### TASK
Begin your copy at the line with "asics（アシックス）asics (アシックス) GEL-NIMBUS" in the records below and end it at the line with "Factors Influencing the", restating each line word for word; omit the pictures.

━━━━━━━━

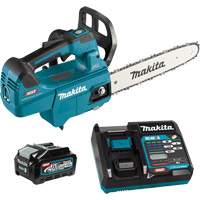 XGT Cordless Brushless Top Handle Chainsaw, 12", Battery Powered, 40 V Toolneeds Inc.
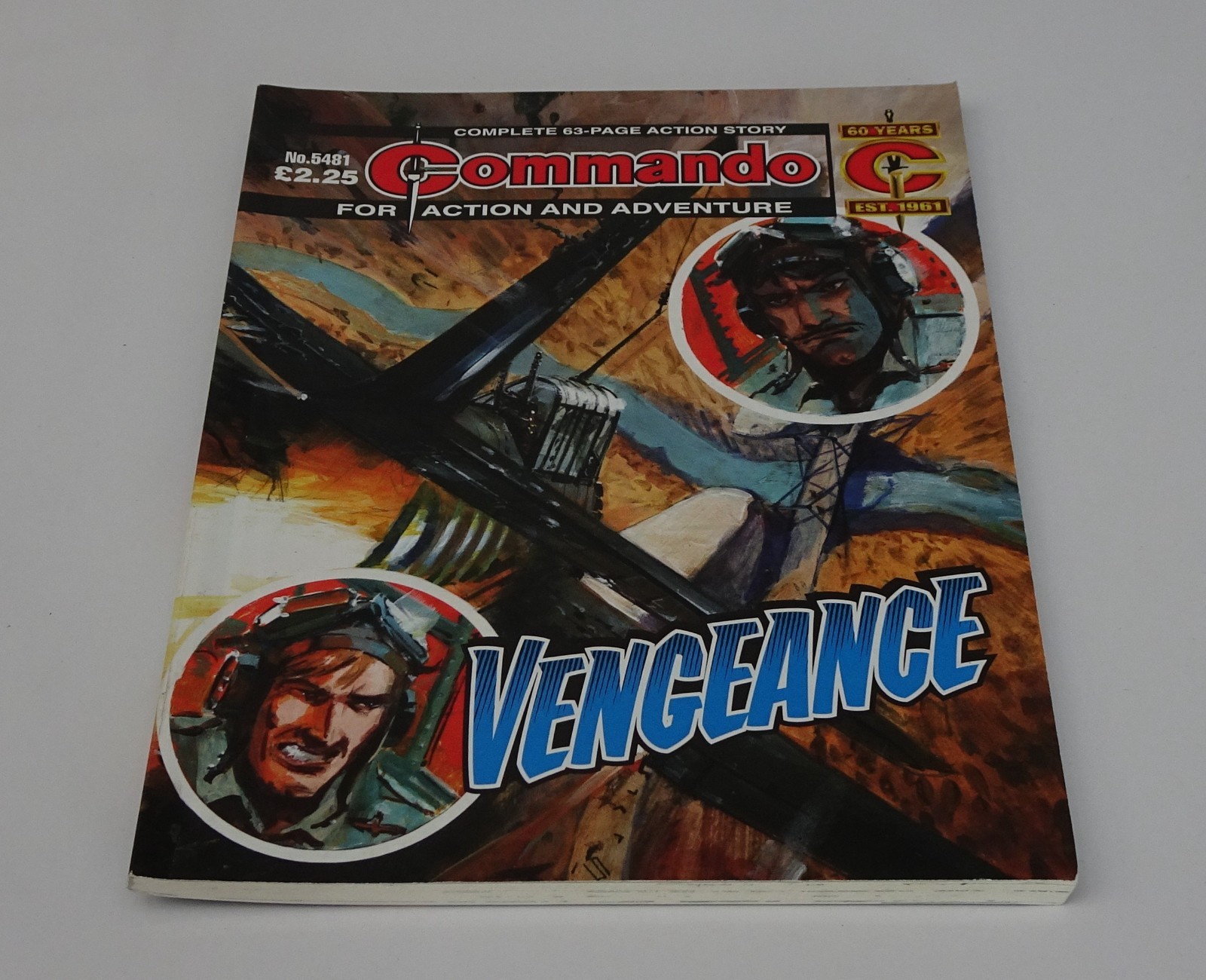 2021 Commando comic no. 5481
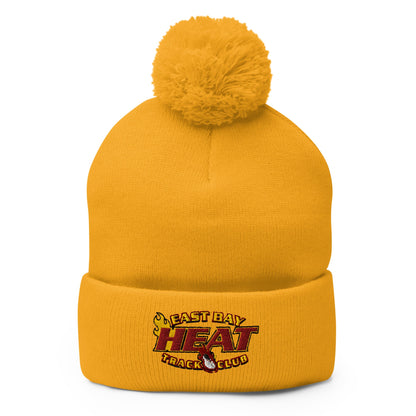 Pom - Pom Beanie | East Bay Heat Track Club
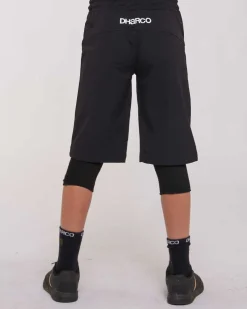 DHaRCO Bottoms*Youth Gravity Shorts | Black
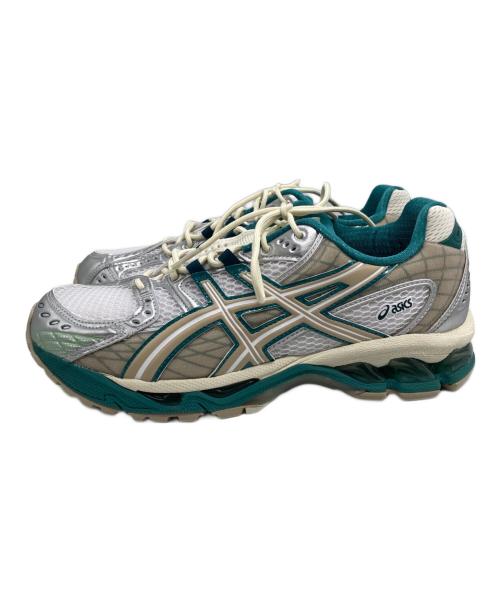 asics（アシックス）asics (アシックス) GEL-NIMBUS 10.1 グリーン×シルバー サイズ:25.5の古着・服飾アイテム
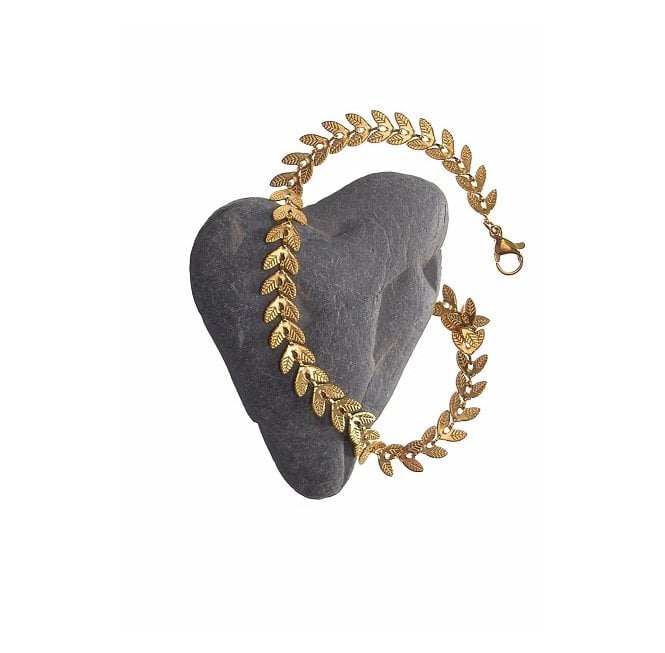 Laurel Leaves Bracelet 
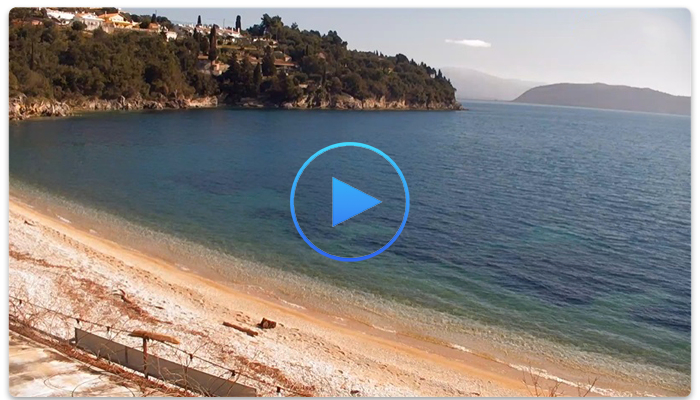 Веб-камера Греции. Пляж Калами (Kalami beach)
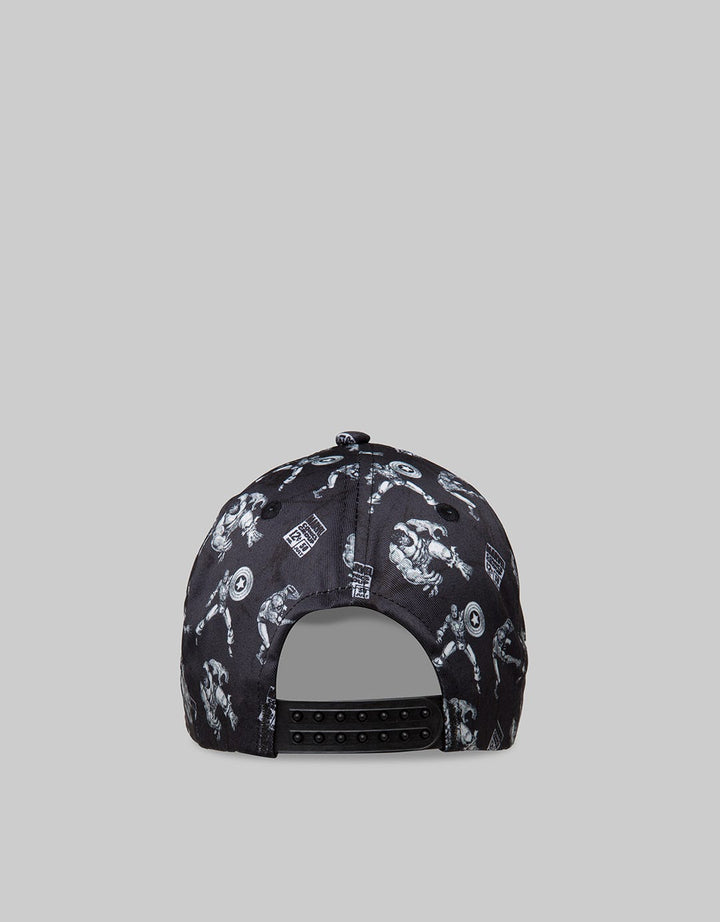 Marvel Avenger Topi Marvel Comic Gold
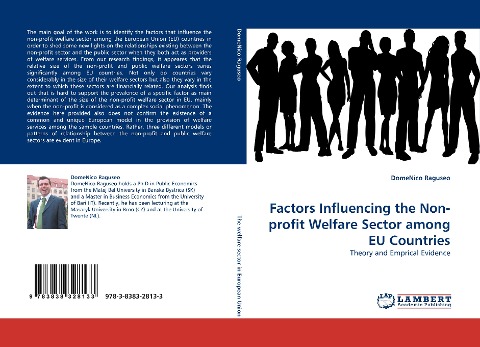 Factors Influencing the Non-profit Welfare Sector among EU Countries: Theory and Emprical Evidence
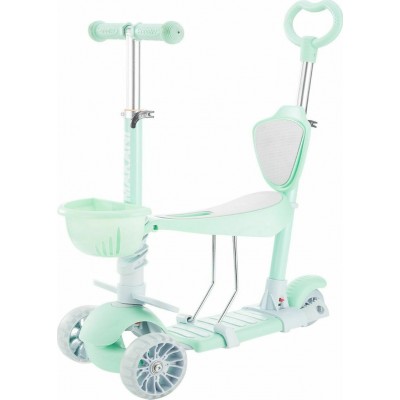 Trotinetă Kikka Boo BonBon 4in1 Candy Mint (31006010099)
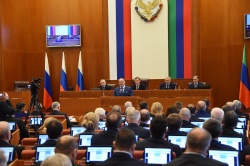 В Махачкале состоялась пятьдесят первая сессия Народного Собрания Республики Дагестан
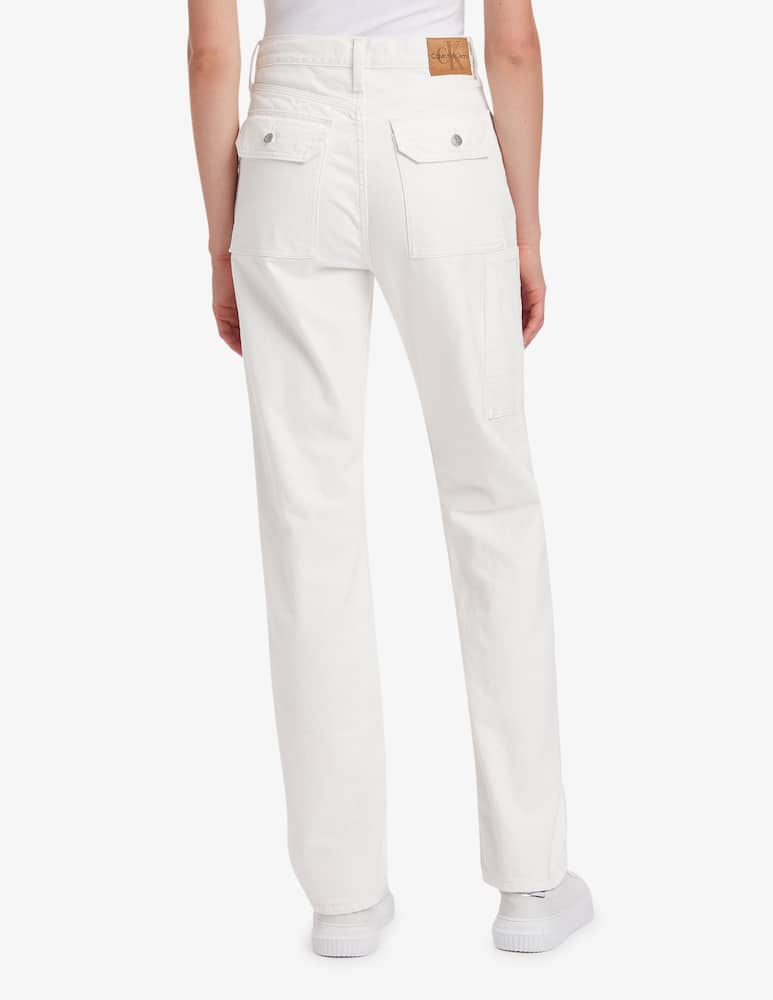 rinascente Calvin Klein Jeans Jeans straight a vita alta Carpenter 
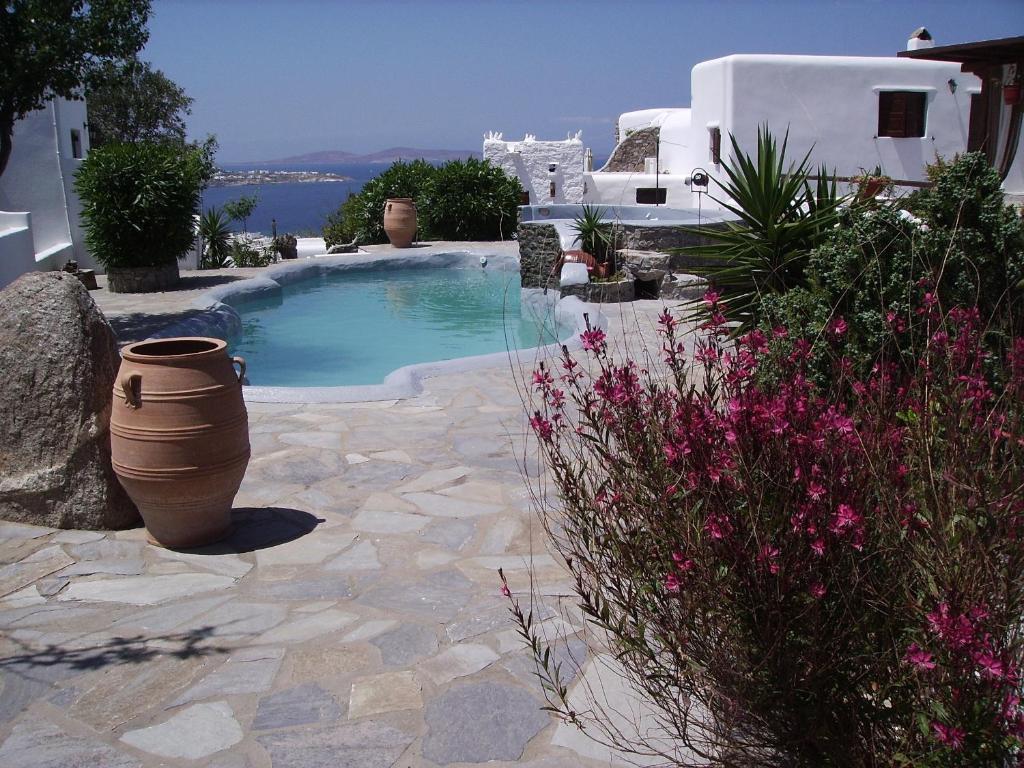 La Veranda Of Mykonos Traditional Guesthouse Mykonos Town Esterno foto
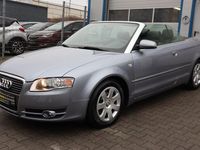 Gebraucht Audi A4 Cabriolet 163 PS (119 kW) 2006 Silber Cabrio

━━━━━━━━

### EXERCISE RESULT
 asics（アシックス）asics (アシックス) GEL-NIMBUS 10.1 グリーン×シルバー サイズ:25.5の古着・服飾アイテム
 Laurel Leaves Bracelet 
 Веб-камера Греции. Пляж Калами (Kalami beach)
 Marvel Avenger Topi Marvel Comic Gold
 Factors Influencing the Non-profit Welfare Sector among EU Countries: Theory and Emprical Evidence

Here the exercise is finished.